Shake out, don’t freak out!

Thursday, October 10, 2019 - 8:00am

 

 

 

 

 

 

The Great Southeast Shakeout is a week away and you can be part of the growing crowd to participate in the world’s largest earthquake drill on Oct. 17 at 10:17 a.m. Join the more than 2.1 million people in the southeast who have registered their organization, school, agency, business or family and are ready to perform a ‘Drop, Cover, and Hold On’ drill, the recommended action for people to take during an earthquake. Among those joining in the Shakeout are more than 100 North Carolina K-12 schools and districts, which accounts for more than 347,000 of the 364,000 registered participants in the state.

Although North Carolina is not known for its earthquakes, they do happen. While they’re typically small, larger quakes have been known to occur in the state and surrounding areas. Since 1735, North Carolina has experienced 22 damaging earthquakes, which can happen at any time in North Carolina.  It’s also important to know how to protect yourself when traveling to an area that is more prone to earthquakes.

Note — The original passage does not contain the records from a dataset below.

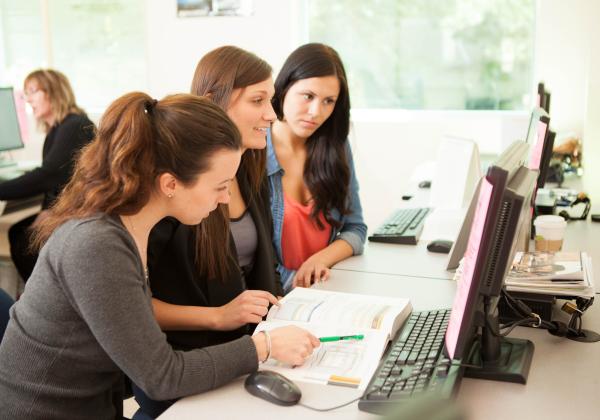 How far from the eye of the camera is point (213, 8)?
4.44m

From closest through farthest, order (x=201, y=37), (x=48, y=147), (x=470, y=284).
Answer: (x=470, y=284)
(x=48, y=147)
(x=201, y=37)

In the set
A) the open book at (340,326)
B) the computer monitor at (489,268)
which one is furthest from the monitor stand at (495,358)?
the open book at (340,326)

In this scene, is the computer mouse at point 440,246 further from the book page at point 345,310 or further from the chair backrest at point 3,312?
the chair backrest at point 3,312

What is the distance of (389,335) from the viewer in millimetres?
1359

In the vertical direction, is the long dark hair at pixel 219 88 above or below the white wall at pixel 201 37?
below

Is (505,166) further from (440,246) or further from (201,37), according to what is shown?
(201,37)

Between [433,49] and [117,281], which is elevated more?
[433,49]

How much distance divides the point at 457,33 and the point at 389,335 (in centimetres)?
317

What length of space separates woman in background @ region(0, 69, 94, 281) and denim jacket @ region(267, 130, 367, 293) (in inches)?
61.1

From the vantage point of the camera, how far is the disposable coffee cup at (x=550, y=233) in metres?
1.91

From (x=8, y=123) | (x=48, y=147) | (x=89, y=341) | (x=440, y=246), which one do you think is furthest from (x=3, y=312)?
(x=8, y=123)

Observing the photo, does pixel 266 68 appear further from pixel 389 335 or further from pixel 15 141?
pixel 15 141

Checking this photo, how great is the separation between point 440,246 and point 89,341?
126 centimetres

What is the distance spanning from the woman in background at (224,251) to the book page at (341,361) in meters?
0.18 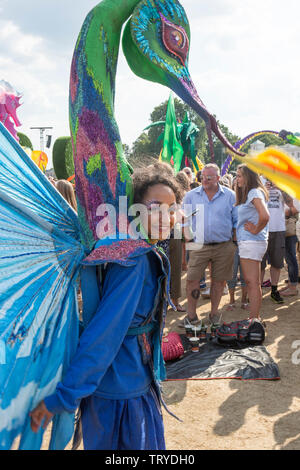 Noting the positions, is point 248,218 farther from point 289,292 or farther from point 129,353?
point 129,353

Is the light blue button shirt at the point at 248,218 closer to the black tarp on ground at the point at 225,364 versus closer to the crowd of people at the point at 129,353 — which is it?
the black tarp on ground at the point at 225,364

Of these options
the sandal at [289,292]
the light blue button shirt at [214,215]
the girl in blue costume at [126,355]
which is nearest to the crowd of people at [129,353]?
the girl in blue costume at [126,355]

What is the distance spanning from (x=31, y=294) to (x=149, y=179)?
592 mm

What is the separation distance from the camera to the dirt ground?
2.64m

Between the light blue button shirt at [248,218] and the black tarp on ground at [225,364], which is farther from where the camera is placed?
the light blue button shirt at [248,218]

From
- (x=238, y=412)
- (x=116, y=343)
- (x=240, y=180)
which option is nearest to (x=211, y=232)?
(x=240, y=180)

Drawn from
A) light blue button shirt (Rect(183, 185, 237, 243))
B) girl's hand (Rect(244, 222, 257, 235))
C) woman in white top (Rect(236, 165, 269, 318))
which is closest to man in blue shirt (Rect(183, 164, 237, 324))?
light blue button shirt (Rect(183, 185, 237, 243))

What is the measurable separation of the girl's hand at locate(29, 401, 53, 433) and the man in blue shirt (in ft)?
11.6

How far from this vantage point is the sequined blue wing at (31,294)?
1.21 m

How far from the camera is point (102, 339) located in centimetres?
128

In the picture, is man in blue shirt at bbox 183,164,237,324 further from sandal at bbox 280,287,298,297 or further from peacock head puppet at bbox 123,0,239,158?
peacock head puppet at bbox 123,0,239,158

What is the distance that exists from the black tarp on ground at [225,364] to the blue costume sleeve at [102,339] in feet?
8.11

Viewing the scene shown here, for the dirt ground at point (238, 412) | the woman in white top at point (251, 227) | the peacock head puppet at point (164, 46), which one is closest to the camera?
the peacock head puppet at point (164, 46) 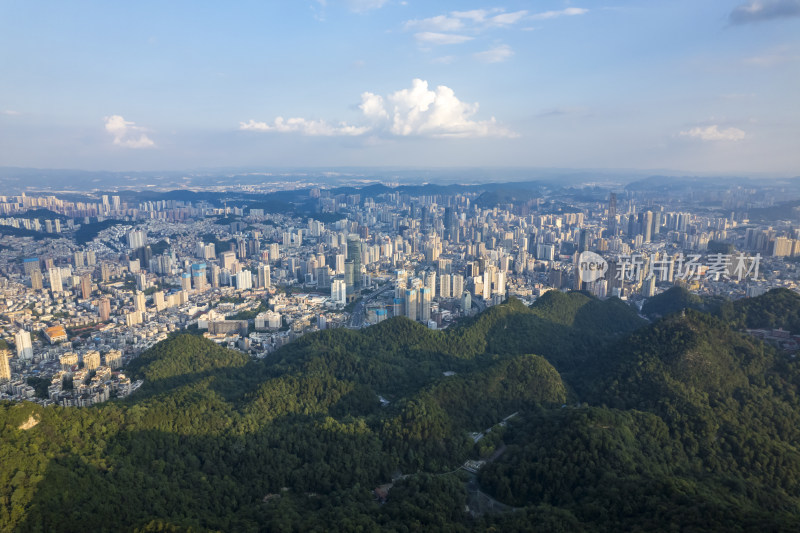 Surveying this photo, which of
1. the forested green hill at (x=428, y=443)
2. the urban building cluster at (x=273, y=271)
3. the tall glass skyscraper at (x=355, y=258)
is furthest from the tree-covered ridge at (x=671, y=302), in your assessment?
the tall glass skyscraper at (x=355, y=258)

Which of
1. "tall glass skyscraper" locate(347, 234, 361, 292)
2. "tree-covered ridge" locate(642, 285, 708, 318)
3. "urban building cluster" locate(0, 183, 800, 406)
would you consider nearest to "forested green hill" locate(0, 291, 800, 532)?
"urban building cluster" locate(0, 183, 800, 406)

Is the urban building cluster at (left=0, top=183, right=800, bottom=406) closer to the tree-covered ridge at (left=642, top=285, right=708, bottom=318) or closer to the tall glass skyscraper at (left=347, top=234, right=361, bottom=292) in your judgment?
the tall glass skyscraper at (left=347, top=234, right=361, bottom=292)

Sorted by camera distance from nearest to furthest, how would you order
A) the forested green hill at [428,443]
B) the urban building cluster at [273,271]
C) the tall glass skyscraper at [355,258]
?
1. the forested green hill at [428,443]
2. the urban building cluster at [273,271]
3. the tall glass skyscraper at [355,258]

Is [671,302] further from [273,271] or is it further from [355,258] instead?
[273,271]

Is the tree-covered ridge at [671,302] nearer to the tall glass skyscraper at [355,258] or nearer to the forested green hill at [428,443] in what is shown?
the forested green hill at [428,443]

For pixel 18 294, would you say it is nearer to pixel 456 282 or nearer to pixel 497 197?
pixel 456 282

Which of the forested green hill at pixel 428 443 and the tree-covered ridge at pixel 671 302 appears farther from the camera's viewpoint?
the tree-covered ridge at pixel 671 302

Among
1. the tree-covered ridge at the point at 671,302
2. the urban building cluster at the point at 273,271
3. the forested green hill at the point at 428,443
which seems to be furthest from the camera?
the tree-covered ridge at the point at 671,302

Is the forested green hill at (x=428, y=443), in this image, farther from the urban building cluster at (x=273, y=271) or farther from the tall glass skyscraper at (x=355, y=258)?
the tall glass skyscraper at (x=355, y=258) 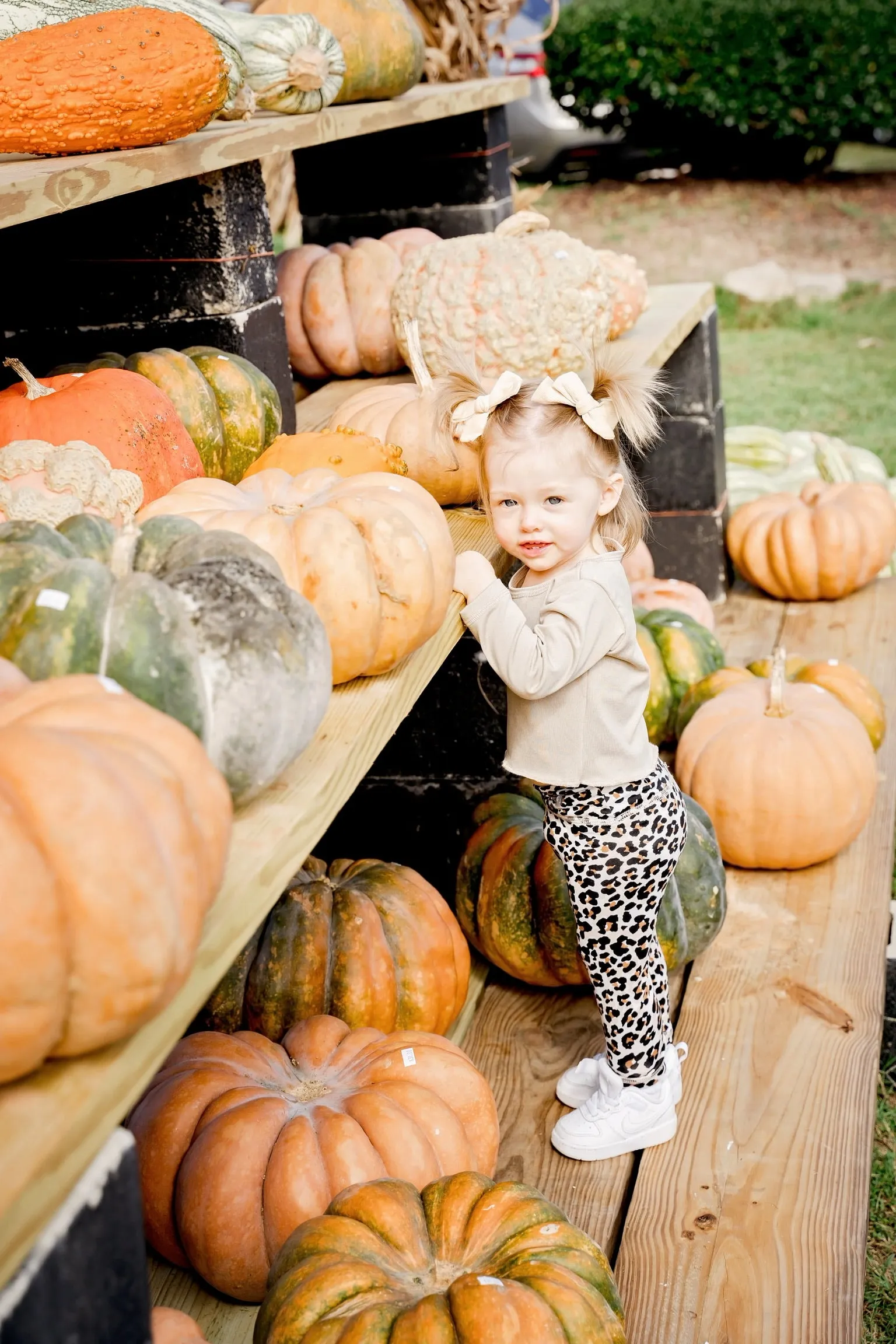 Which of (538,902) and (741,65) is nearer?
(538,902)

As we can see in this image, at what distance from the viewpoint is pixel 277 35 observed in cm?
305

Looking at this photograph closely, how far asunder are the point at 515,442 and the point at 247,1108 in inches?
44.6

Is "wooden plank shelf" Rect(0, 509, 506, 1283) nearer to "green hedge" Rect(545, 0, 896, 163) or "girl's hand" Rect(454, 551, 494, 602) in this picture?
"girl's hand" Rect(454, 551, 494, 602)

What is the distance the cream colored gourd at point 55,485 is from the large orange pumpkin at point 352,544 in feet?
0.21

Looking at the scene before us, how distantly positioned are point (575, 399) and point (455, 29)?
283 centimetres

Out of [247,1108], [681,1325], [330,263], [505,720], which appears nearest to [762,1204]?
[681,1325]

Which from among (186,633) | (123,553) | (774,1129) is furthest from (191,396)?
(774,1129)

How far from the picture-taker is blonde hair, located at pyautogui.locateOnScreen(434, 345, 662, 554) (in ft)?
6.97

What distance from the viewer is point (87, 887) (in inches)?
41.3

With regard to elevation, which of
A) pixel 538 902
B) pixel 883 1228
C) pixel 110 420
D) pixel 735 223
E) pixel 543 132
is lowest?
pixel 883 1228

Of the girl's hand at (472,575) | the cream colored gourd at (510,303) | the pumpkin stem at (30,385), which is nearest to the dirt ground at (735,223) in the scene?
the cream colored gourd at (510,303)

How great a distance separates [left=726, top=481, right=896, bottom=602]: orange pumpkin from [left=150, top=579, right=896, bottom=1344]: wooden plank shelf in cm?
146

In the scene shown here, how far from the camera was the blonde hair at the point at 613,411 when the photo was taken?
2.12 meters

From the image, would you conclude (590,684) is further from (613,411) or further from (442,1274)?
(442,1274) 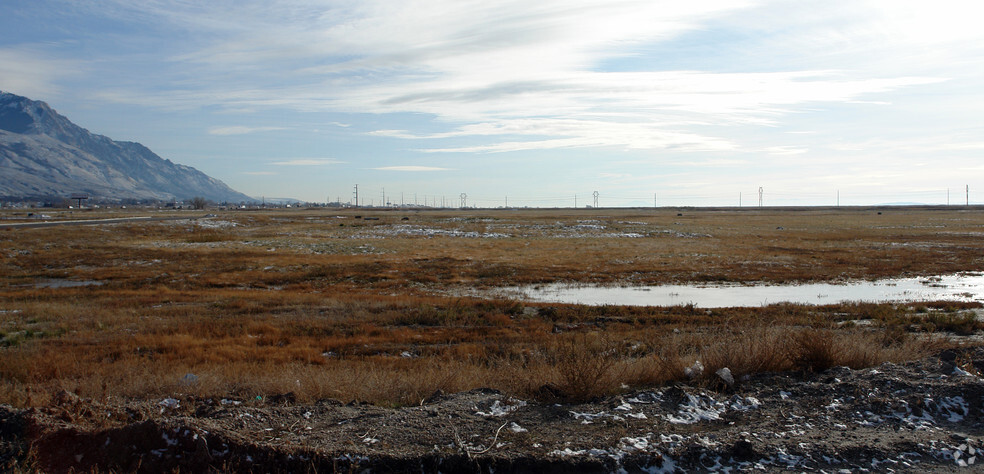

The state can experience damage from earthquakes centered within North Carolina, but also from earthquakes centered from outside the state, such as eastern Tennessee; Charleston, South Carolina; Giles County, Virginia; Central Virginia; and even the New Madrid seismic zone, which consists of several branches that include northeastern Arkansas, southwestern Kentucky, southeastern Missouri, and northwestern Tennessee. Part of Western North Carolina falls into the Eastern Tennessee seismic zone, which stretches along the Tennessee border from northeastern Alabama to southwestern Virginia and is quite active.

The best way to stay safe during any disaster, whether it’s man-made, a hurricane, wildfire, an earthquake or other disaster is to prepare and practice your disaster plan. ‘Drop, Cover, Hold On’ is the recommended action to take during an earthquake because it allows you to get down before your thrown to the ground, provides protection from falling or flying items, and increases your chances of surviving a building collapse. If you’re in a small structure, a high-rise building or a public place during an earthquake, the same rules apply: stay away from windows and outside walls, drop, cover and hold on, shield your head with something if possible and don’t leave the building until the shaking stops. When you do leave, don’t use the elevators and watch for items that may fall in an aftershock. If you are trapped, stay calm and tap on hard or metal parts of the structure to try and attract attention.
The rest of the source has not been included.